I still see the horrors when I turn on the television. Unexpected and painful things still happen in my life. I hurt. I cry. I feel sadness. I feel anger. I feel bitterness. I am certainly not immune to loss, but I can either choose to cling to the trauma of it or recognize the blessings that remain in my life in spite of that loss. Then, when a little time has passed, I look at the loss to see what gifts it gave to me—strength, compassion, patience, humility. Because these gifts come without a beautifully colored package and a big red bow, they can be harder to see. At the end of each day, I appreciate the moments I smile, I love, I laugh, I hope.
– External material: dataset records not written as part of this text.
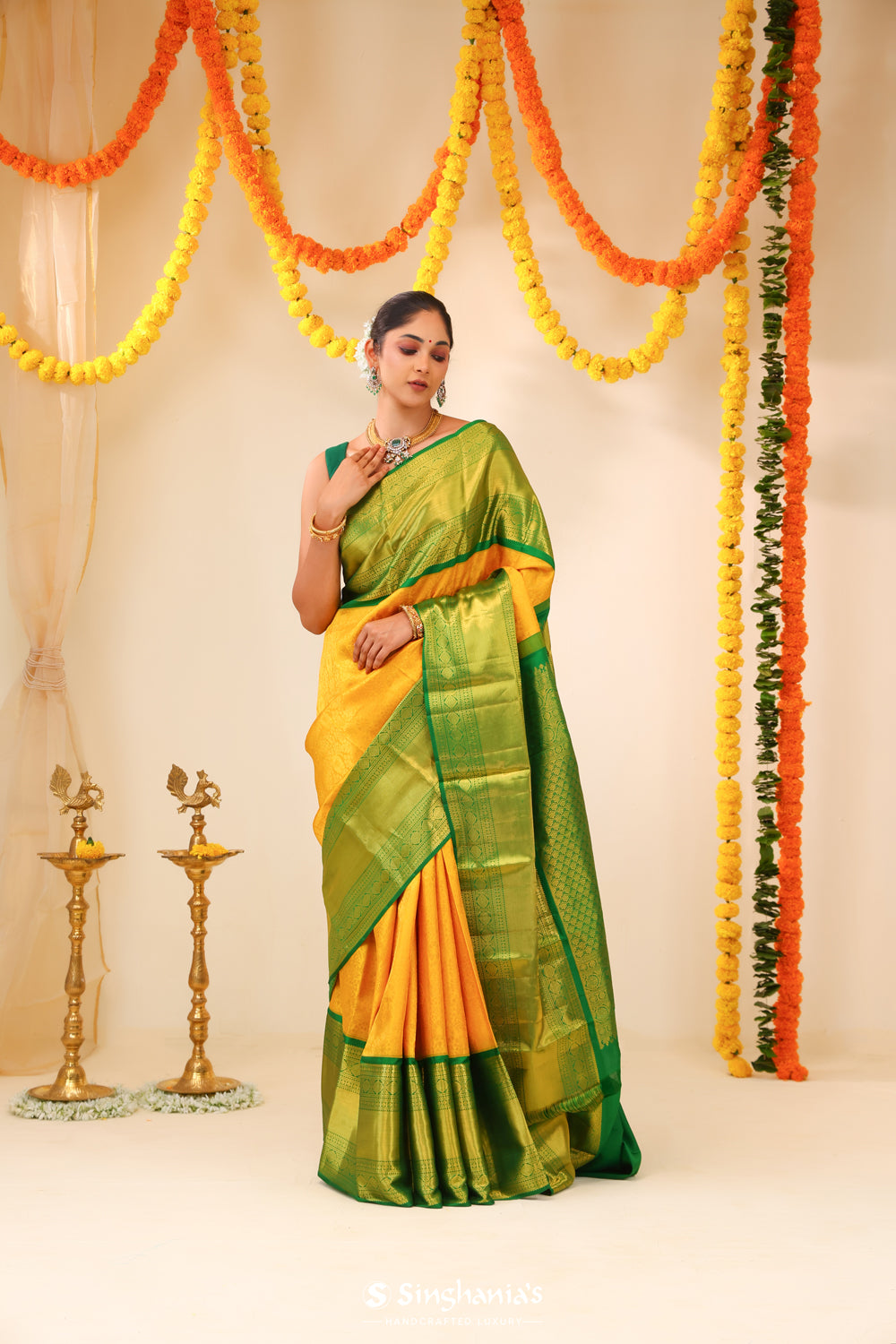 Golden Yellow Kanjivaram Silk Saree With Floral Jaal Work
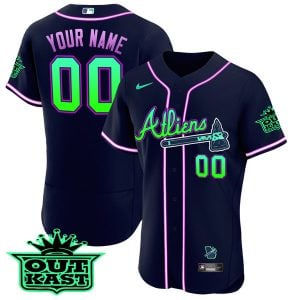 Atlanta Braves Outkast ATLiens Custom Name and Number Galaxy Jersey - All Stitched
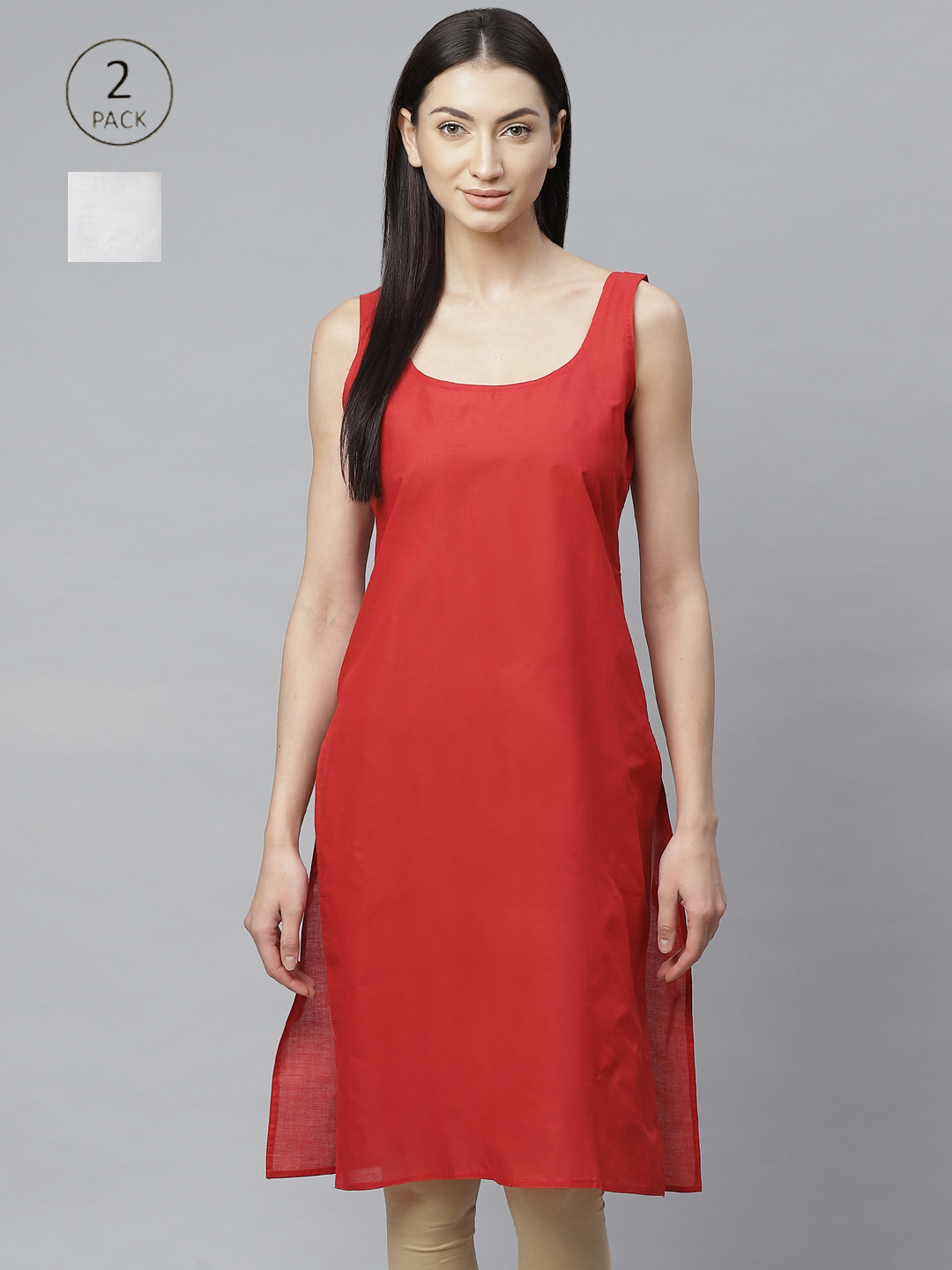 ADA Women White and Red Pack of 2 Solid Handloom Slips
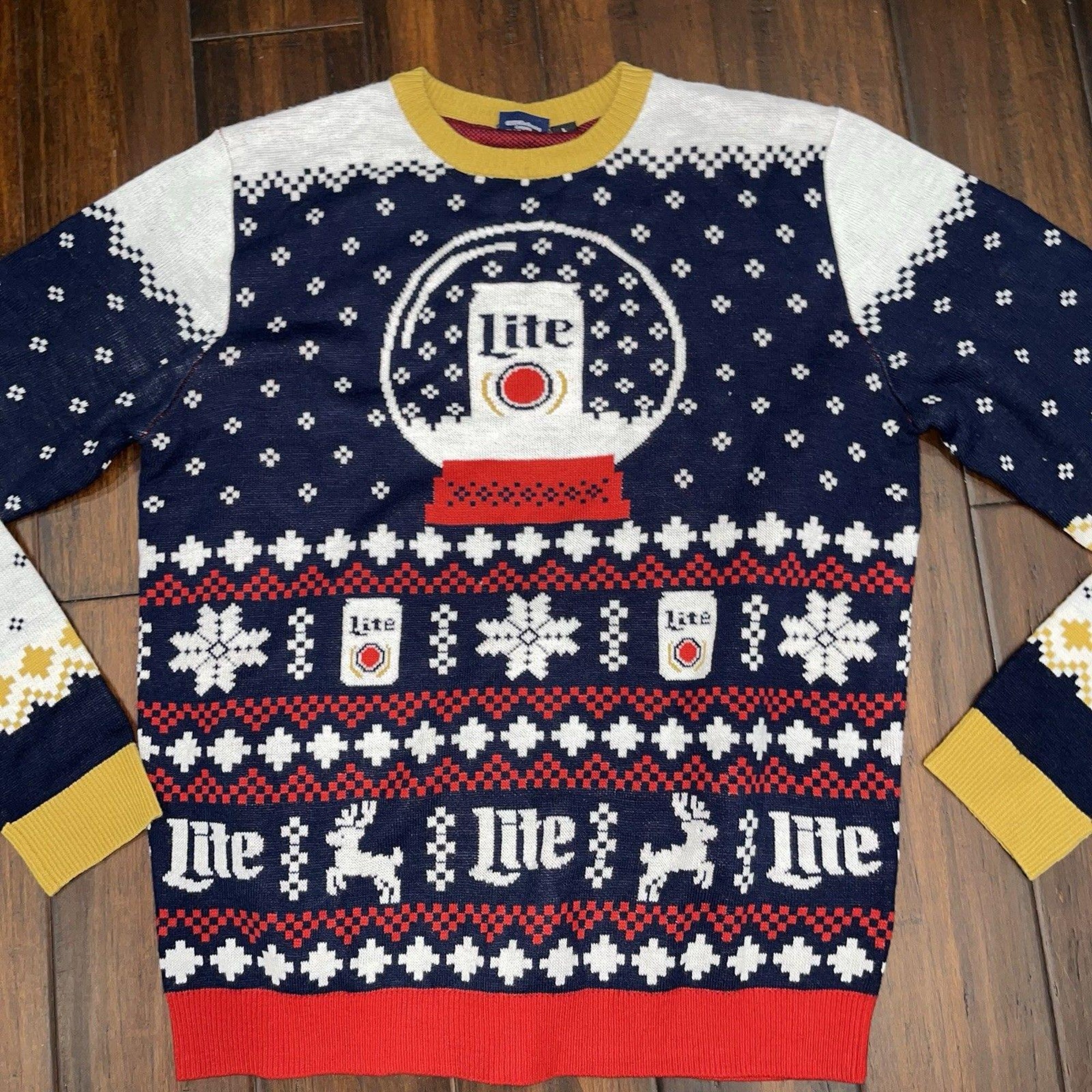 Miller Lite Beer Ugly Christmas Sweater Men’s Size LARGE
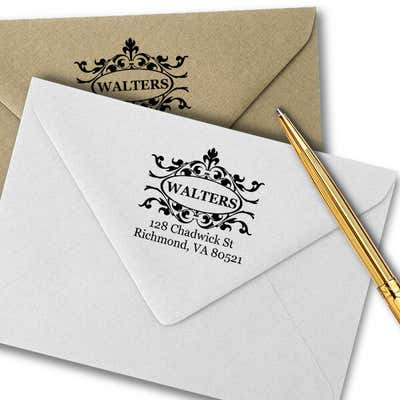 Floral Curve Accent Return Address Stamp - alternate view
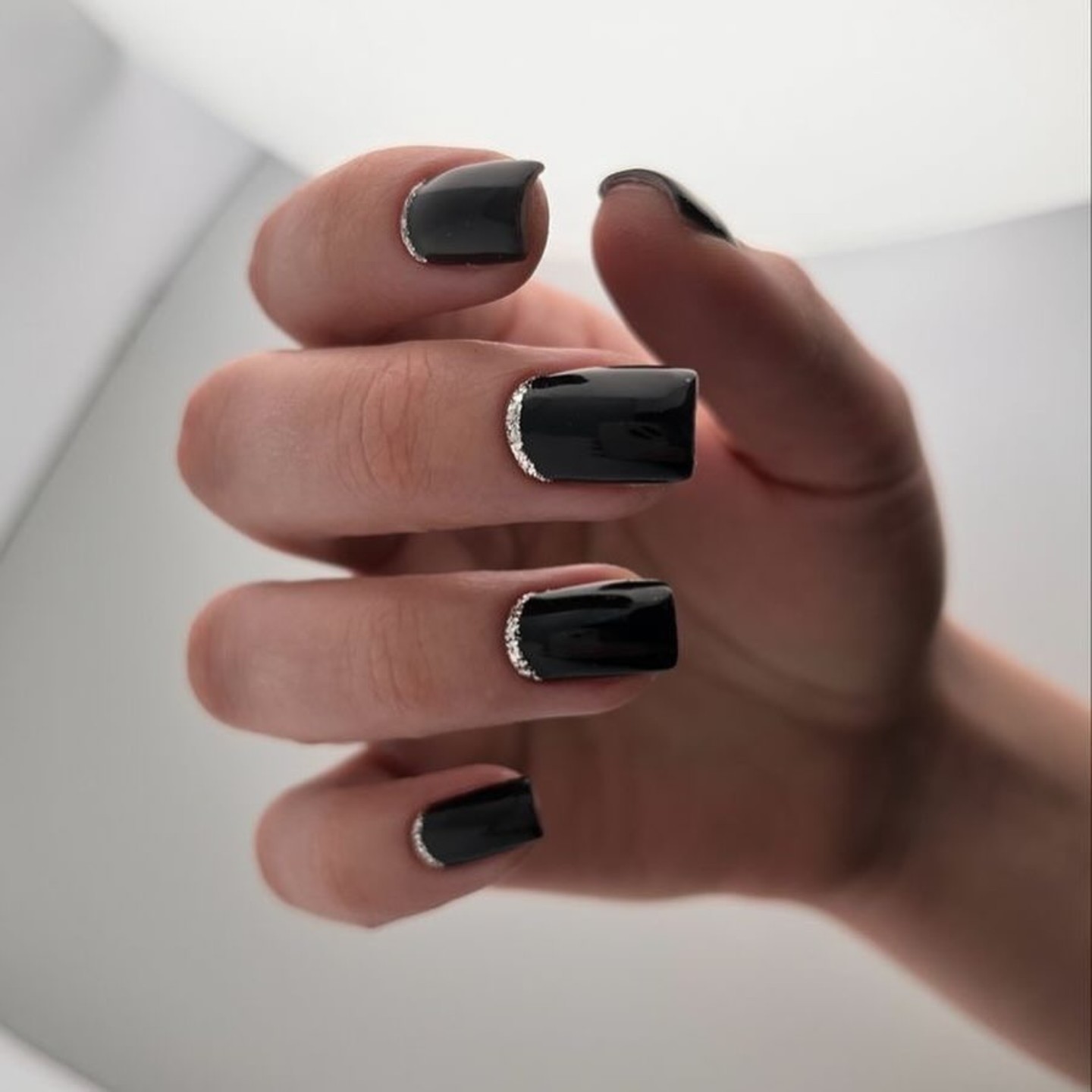 Glossy Black with Glittery Cuticles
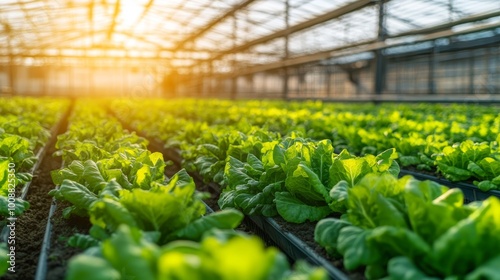 A large modern Greenhosue with rows of healthy green vegetables, eco-friendly sunny exposure, plants, professional photography photo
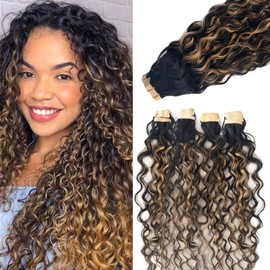 Tape in Hair Extensions Human Hair 26 Inch Water Wave Natural Black Hair Balayage Honey Blonde Highlights Real Remy Human Hair Tape ins Extensions 50g/pack 20pcs Invisible Tape in Hair Extension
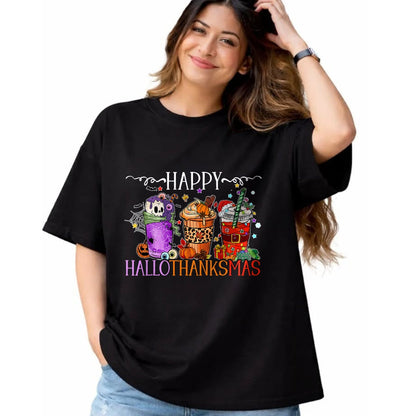 Best Thanksgiving Family Shirt , Funny Thanksgiving UnisexT-Shirt/Hoodie/Sweatshirt HLT00 - Happy Hallothanksmas Halloween Thanksgiving Christmas T-Shirt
Being an optimist is about choice and focus. It's about taking the good and the bad, accepting them, and then taking the good to lay a foundation for happiness. It's about having the entire range of human experience, and choosing to smile at the new adventures that each day will bring. I am optimistic about the future because I am a healthier and happier person when I focus on the blessings in my life. To really live, I must be open to living and not focused merely on surviving. I am an optimist because I have researched determination to overcome obstacles, and I know that when I channel my energy into my dreams, they do manifest themselves in my life. As I take control of my destiny, I have become a more peaceful and accepting person, and I have seen evidence that it does get better if you allow it to.